* To do
Once the pictures are set aside, retype the remaining entries exactly.

[[ Task input open ]]

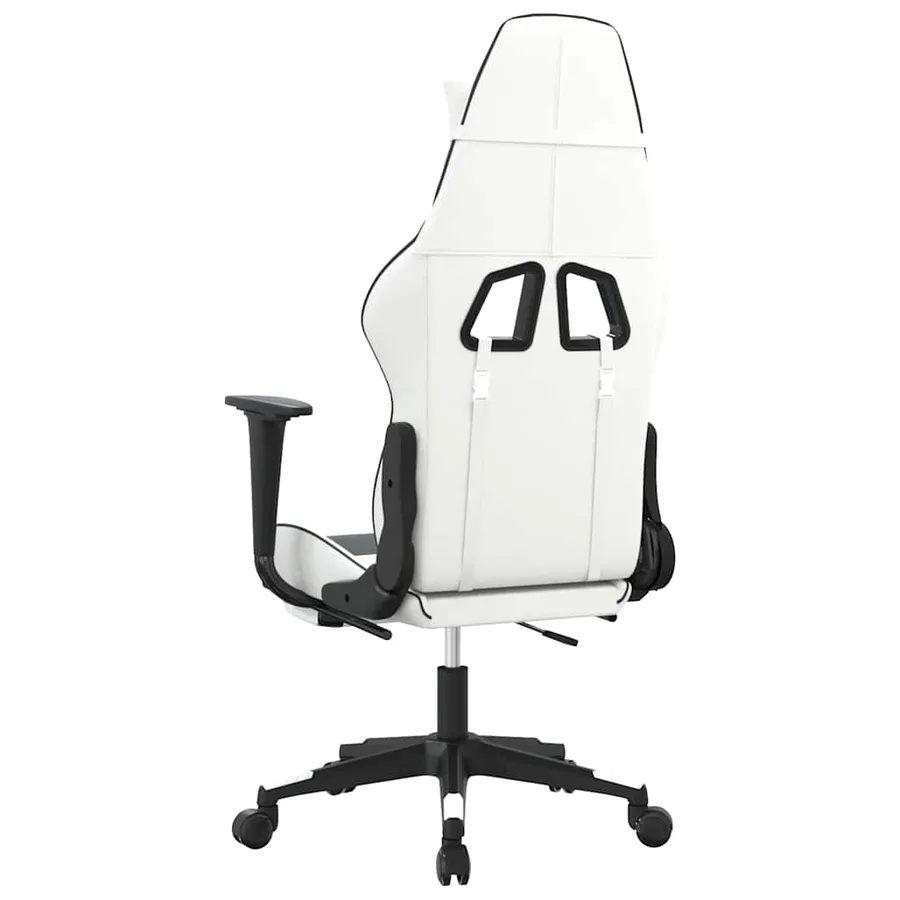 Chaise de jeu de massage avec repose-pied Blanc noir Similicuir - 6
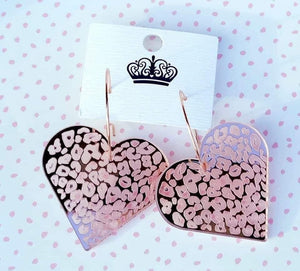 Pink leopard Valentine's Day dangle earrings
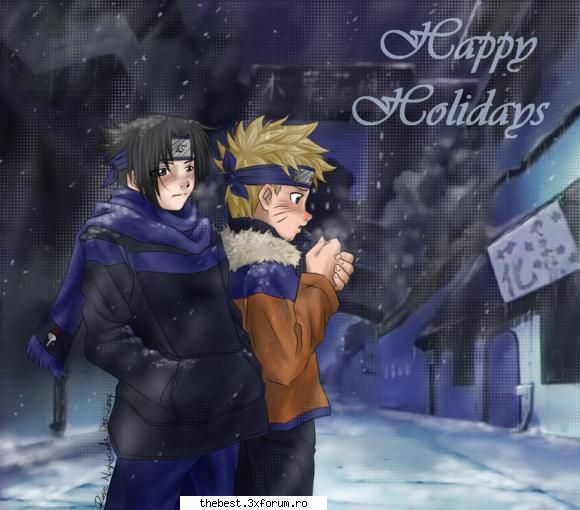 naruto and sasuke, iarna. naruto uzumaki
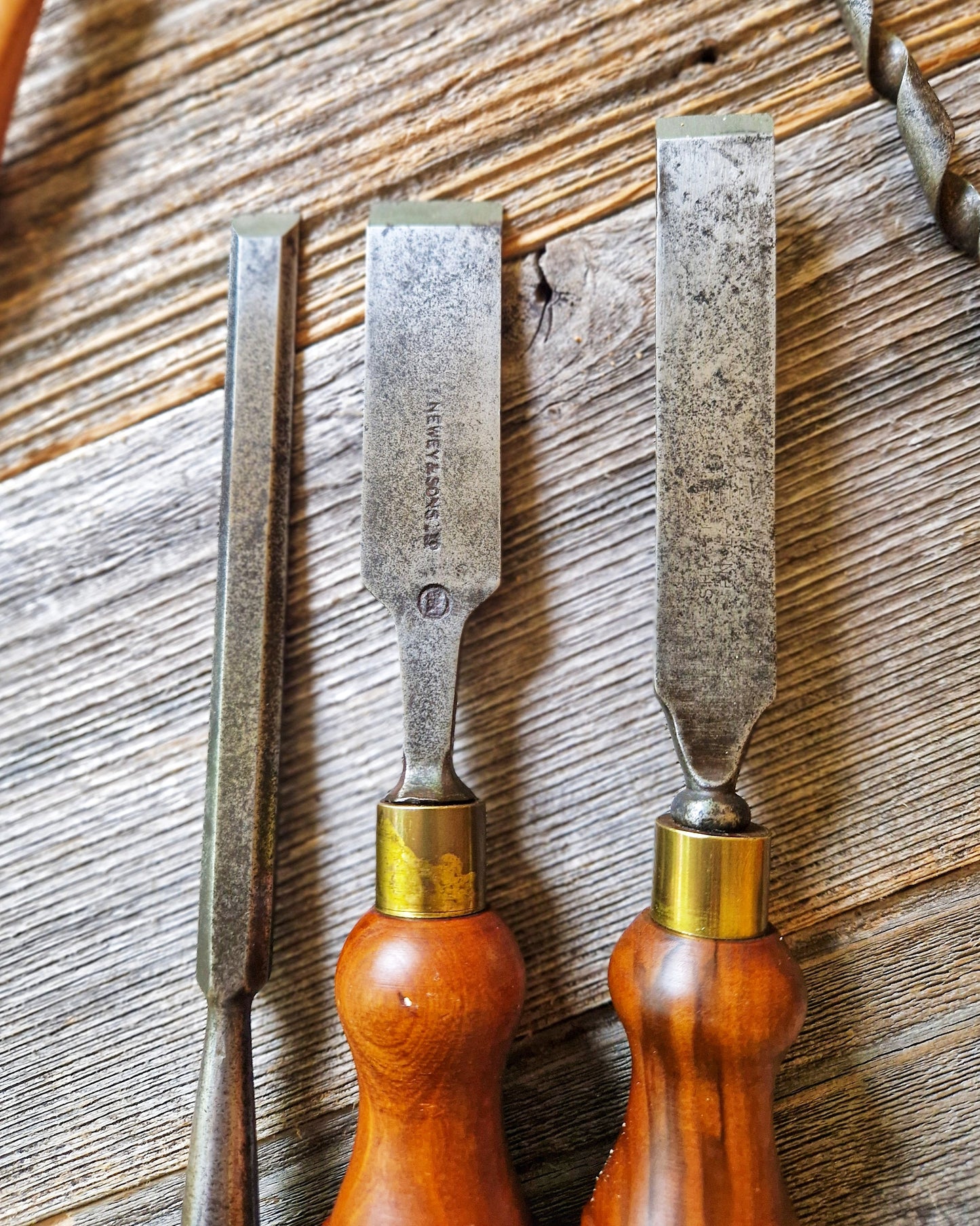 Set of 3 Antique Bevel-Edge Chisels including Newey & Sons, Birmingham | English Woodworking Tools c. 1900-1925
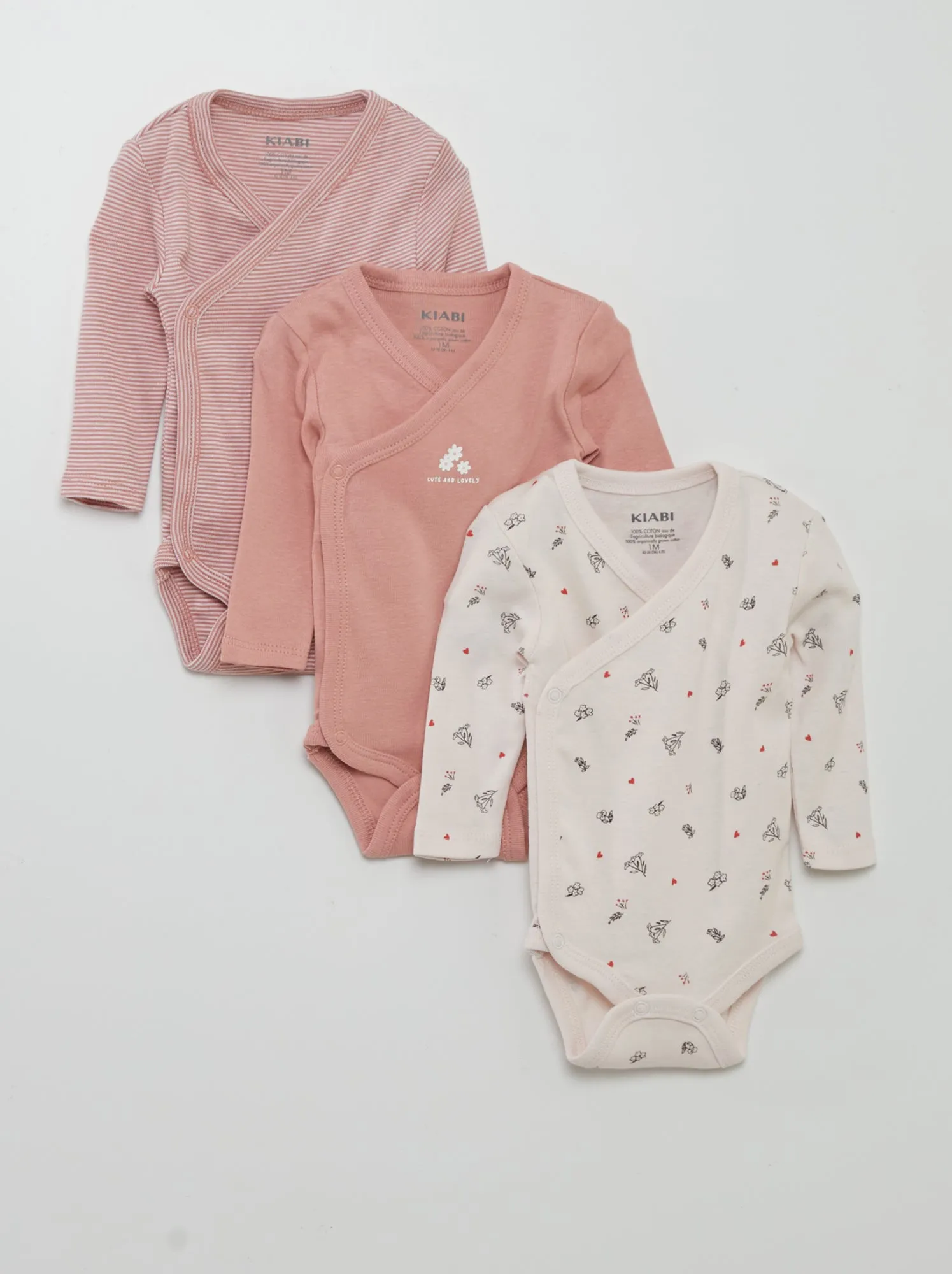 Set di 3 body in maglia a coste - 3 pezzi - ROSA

[[ Task input closed ]]

* Exercise result
 Chaise de jeu de massage avec repose-pied Blanc noir Similicuir - 6
 Pink leopard Valentine's Day dangle earrings
 naruto and sasuke, iarna. naruto uzumaki
 Set of 3 Antique Bevel-Edge Chisels including Newey & Sons, Birmingham | English Woodworking Tools c. 1900-1925
 Set di 3 body in maglia a coste - 3 pezzi - ROSA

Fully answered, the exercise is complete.